Noah and the Whale’s three albums are essentially a detailed record of Charlie Fink’s romantic past. The band’s primary creative force and lead singer, he was cocooned in the warmth and happiness of love when the first album was written and recorded, and good times were rolling for him and his friends. Sun sun sun! Fun fun fun! Love love love, they proclaimed! It’s clear that Fink was enamoured. Then the second album was released, and things had evidently gone awry. These songs were full of bitterness, sadness, loneliness, and eventually a determination to become a stronger, better person. Noah and the Whale’s third album, ‘Last Night on Earth’, is all about new beginnings, change, and ambition. If that’s not catharsis, I don’t know what is.
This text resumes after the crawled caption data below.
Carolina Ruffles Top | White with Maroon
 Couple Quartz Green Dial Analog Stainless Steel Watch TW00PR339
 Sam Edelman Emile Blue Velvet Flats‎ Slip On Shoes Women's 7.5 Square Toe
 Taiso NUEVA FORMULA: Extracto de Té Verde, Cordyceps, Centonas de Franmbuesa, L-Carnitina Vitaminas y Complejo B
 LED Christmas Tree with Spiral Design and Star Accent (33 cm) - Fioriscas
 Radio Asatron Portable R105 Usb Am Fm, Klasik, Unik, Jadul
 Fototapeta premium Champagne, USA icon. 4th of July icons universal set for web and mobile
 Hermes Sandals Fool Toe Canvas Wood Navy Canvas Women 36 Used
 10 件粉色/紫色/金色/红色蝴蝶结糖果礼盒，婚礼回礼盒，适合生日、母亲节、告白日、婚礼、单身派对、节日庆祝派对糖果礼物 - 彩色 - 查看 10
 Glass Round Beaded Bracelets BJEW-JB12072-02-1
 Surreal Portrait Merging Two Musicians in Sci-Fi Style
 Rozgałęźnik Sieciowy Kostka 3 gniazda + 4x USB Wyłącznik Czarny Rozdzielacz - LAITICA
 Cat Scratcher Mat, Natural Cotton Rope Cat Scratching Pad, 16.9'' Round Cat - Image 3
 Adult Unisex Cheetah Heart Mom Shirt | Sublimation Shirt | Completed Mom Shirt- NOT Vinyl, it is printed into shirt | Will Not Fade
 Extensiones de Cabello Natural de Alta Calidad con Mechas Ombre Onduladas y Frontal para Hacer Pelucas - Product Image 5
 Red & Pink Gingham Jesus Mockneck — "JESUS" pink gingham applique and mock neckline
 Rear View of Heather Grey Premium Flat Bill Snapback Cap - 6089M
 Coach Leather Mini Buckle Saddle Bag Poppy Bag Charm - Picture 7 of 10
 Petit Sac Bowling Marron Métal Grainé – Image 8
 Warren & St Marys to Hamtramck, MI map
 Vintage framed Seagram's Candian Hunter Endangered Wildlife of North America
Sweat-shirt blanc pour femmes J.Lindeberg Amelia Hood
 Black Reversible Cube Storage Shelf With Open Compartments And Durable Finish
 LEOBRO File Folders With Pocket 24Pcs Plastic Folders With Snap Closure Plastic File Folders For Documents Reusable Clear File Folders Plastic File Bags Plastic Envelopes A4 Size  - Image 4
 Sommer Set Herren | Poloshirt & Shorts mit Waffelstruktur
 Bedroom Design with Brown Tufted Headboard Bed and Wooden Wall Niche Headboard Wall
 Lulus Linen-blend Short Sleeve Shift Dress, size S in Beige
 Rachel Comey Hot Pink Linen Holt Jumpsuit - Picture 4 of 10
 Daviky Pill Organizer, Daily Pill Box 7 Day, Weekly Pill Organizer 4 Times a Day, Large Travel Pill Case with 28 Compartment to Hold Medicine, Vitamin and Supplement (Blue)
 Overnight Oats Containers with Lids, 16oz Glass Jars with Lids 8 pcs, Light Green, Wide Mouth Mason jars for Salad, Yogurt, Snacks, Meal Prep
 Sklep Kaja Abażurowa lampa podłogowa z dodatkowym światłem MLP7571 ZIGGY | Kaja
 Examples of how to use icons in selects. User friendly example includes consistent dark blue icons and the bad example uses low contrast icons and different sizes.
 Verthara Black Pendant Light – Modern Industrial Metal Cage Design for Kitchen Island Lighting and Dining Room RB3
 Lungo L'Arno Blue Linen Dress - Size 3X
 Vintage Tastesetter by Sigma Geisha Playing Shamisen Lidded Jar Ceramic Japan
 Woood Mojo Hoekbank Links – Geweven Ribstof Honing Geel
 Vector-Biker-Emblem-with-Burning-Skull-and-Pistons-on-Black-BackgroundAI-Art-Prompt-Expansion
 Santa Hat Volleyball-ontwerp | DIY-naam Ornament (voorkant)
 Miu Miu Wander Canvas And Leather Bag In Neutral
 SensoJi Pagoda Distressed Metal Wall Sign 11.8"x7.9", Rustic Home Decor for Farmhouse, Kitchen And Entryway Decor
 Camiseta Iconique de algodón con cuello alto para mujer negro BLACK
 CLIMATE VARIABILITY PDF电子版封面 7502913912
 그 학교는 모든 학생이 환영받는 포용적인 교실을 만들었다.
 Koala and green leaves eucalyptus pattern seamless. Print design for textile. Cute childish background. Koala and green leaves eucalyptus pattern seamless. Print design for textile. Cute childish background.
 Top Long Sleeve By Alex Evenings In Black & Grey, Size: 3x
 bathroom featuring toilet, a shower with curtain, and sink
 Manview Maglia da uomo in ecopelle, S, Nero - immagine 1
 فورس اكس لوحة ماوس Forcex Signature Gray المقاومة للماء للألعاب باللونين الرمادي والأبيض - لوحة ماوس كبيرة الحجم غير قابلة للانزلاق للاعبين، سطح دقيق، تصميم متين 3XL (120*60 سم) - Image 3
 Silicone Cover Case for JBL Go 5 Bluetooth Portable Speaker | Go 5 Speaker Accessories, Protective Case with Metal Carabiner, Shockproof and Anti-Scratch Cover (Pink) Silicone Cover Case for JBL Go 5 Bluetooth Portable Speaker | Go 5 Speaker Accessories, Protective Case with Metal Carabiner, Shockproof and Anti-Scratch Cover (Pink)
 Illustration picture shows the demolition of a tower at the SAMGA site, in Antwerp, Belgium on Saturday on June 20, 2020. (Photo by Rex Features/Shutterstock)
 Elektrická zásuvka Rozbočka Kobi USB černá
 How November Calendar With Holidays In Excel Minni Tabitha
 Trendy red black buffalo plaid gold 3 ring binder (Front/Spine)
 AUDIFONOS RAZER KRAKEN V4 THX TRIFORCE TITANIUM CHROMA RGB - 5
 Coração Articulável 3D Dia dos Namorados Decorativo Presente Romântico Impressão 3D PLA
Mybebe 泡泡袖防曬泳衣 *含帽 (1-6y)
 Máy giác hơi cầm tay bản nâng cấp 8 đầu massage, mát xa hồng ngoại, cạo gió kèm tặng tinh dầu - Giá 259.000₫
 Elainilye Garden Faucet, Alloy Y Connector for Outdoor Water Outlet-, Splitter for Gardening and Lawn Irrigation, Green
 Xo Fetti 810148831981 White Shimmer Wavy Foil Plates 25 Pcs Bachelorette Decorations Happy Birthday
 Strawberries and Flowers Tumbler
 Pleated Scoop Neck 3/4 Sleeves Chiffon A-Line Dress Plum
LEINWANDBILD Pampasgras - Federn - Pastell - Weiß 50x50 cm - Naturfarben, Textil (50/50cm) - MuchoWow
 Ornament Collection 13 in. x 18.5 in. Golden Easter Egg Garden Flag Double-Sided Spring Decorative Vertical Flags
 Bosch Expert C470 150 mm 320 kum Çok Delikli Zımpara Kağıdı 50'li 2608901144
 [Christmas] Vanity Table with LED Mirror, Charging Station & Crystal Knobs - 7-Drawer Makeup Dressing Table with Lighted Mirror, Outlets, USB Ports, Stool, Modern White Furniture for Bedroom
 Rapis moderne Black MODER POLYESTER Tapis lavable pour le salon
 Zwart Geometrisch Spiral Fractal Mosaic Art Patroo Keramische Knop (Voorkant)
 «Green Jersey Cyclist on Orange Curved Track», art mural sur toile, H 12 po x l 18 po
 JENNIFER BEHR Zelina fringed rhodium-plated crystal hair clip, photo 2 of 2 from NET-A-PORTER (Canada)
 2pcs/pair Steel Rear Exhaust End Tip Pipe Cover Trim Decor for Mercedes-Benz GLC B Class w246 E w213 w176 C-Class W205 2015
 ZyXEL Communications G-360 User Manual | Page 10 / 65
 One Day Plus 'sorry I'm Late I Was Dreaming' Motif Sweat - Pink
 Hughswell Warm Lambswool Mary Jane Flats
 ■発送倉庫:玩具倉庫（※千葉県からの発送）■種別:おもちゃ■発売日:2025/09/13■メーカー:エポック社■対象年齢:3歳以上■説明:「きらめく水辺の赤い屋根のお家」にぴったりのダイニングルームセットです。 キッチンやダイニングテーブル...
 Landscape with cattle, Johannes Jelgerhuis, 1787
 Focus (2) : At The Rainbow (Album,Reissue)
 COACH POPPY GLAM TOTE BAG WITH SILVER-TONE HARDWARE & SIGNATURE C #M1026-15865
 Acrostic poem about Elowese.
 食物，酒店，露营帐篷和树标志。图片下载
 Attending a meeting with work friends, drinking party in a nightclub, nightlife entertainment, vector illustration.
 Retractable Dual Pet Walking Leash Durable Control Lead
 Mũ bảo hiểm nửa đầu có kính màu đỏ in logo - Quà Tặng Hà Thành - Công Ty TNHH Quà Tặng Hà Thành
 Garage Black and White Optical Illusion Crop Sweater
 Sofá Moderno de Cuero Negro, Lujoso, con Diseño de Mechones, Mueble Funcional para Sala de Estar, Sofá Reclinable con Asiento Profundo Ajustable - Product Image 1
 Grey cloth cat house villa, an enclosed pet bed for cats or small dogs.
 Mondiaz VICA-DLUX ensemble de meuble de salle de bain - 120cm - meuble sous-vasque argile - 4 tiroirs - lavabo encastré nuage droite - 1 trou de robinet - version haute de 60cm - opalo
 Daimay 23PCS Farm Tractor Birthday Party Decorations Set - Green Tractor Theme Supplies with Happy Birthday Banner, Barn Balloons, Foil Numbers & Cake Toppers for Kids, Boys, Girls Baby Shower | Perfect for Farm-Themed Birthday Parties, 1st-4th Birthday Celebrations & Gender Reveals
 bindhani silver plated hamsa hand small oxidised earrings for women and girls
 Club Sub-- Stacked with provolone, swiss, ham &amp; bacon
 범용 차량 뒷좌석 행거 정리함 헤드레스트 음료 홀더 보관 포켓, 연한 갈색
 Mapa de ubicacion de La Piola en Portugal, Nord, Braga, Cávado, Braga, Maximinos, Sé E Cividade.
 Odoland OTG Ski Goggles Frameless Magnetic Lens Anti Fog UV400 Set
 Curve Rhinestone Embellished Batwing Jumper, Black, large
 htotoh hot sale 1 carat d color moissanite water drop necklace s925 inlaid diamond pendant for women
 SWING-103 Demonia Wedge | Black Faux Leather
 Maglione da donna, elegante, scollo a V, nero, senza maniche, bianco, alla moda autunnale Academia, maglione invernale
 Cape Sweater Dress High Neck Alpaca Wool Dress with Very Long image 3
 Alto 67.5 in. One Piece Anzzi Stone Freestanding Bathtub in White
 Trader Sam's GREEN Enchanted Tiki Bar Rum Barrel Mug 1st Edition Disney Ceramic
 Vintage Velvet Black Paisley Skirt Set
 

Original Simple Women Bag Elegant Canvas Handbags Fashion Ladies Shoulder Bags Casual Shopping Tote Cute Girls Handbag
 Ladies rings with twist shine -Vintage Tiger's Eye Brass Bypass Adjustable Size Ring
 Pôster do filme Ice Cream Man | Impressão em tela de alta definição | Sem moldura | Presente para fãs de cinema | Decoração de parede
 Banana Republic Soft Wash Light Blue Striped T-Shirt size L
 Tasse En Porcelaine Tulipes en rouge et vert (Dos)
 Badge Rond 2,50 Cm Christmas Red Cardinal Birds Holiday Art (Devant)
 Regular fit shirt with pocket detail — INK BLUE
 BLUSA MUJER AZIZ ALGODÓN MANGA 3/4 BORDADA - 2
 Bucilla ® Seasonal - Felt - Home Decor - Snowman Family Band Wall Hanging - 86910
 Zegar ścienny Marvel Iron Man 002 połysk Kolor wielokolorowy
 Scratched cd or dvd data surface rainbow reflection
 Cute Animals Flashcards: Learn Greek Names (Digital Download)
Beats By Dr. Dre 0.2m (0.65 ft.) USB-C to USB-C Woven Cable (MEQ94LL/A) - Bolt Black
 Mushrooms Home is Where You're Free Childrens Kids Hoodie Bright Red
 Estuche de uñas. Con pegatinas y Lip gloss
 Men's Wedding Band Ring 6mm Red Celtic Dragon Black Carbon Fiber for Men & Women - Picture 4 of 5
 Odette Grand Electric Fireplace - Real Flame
Clad in suits, the five notably suave looking members of Noah and the Whale strode onto the huge stage at The Roundhouse, oozing with new-found confidence. The dark days of ‘The First Days of Spring’ are behind them, and they burst into ‘Give A Little Love’, complete with a mini jam session at the end. Afterwards, a chirpy violin signals the beginning of ‘Just Me Before We Met’, a song about memories, good and bad, as if to dispel everything that has happened before to make way for the here and now. This seemed to be the central theme for the rest of the set, which was packed full of some of the band’s more upbeat numbers. There was a moment of respite from the cheeriness which arrived in the shape of ‘Wild Thing’, a comparatively more sombre song. Fink picked things up afterwards, saying ?That was the abbreviated romantic part of our set. We feel like tonight you guys want to have a good time, and as do we.? before launching into ‘Rocks and Daggers’, which was much more in keeping with the overall tone of the performance.

The vast majority of songs were from the first and third albums, and favourites ‘5 Years Time’ and ‘L.I.F.E.G.O.E.S.O.N.’ went down particularly well. Fink commanded the crowd to punch the air during the chorus of ‘Tonight’s The Kind of Night’, too, and everybody in the building happily followed orders, which turned out to be a pretty awesome spectacle. The band had no problem at all filling the spacious Roundhouse stage, either. Bassist Matt Owens was especially entertaining, galloping across the stage at every opportunity and generally looking like he was having a great time, and the whole band rocked out to an admirable extent during the last few chaotic minutes of the encore, ‘The First Days of Spring’.

Noah and the Whale have always been a very solid band, but now they have a sense of self-assuredness about them. And with their sharp looks, their natural stage presence, and the fact that their new material transfers brilliantly to a live setting, they have very good reason to feel that way.